The current document blur/quality estimation algorithms rely on the OCR accuracy to measure their success. A sharp document image, however, at times may yield lower OCR accuracy owing to factors independent of blur or quality of capture. The necessity to rely on OCR is mainly due to the difficulty in quantifying the quality otherwise. In this work, we overcome this limitation by proposing a novel dataset for document blur estimation, for which we physically quantify the blur using a capture set-up which computationally varies the focal distance of the camera. We also present a selective search mechanism to improve upon the recently successful patch-based learning approaches (using codebooks or convolutional neural networks). We present a thorough analysis of the improved blur estimation pipeline using correlation with OCR accuracy as well as the actual amount of blur. Our experiments demonstrate that our method outperforms the current state-of-the-art by a significant margin.

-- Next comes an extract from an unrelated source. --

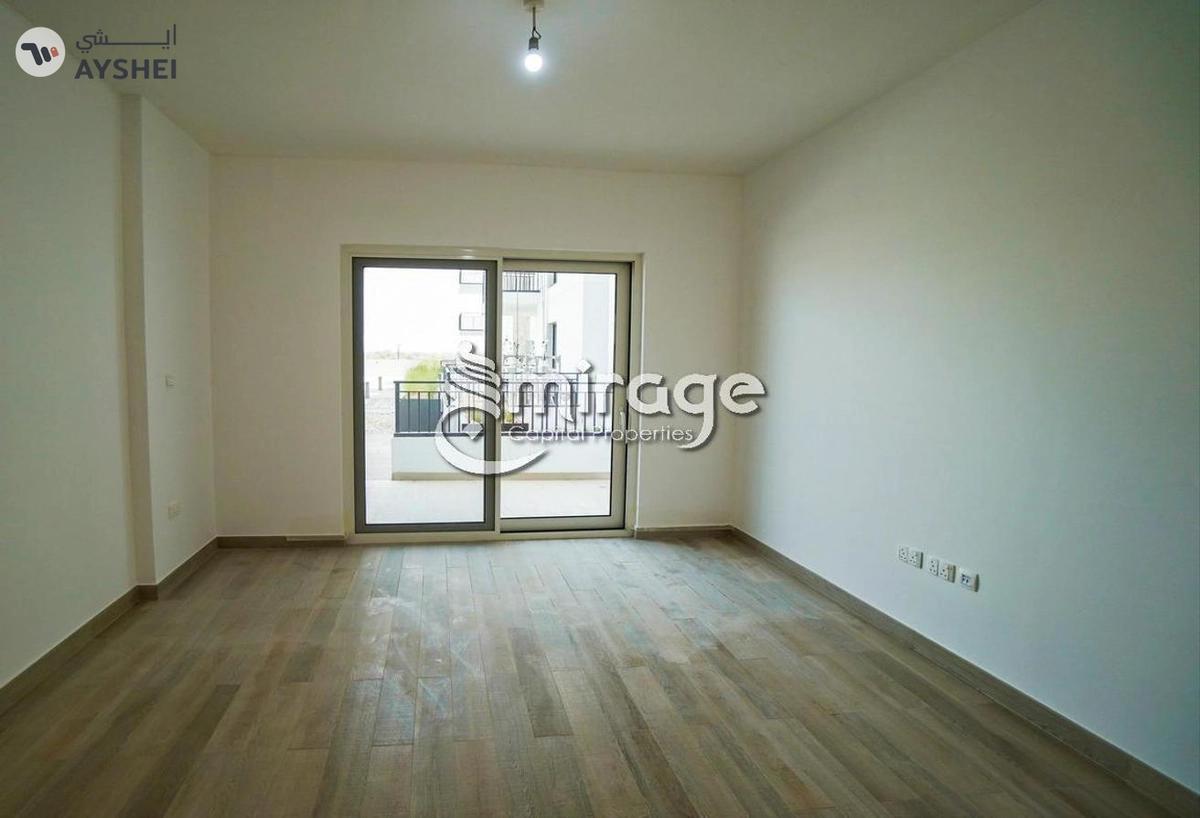 APARTMENT FOR SALE IN WATERS EDGE, YAS ISLAND-7-7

We present a novel dataset for document blur estimation, where the ground truth is created by physically estimating the blur radius.
We propose a selective search algorithm for extracting the appropriate patches from the document image, which we argue are crucial for estimating the focus blur. We propose an improved pipeline for document blur estimation by combining this selective search algorithm with a recently proposed CNN based regression network.
We present extensive experiments over two different datasets to validate the proposed pipeline. The results demonstrate that it improves the learning procedure and brings about 4% improvement over the state-of-the-art in estimating the physical blur and over 8-10% improvement in cross dataset experiments using OCR accuracies as ground truth.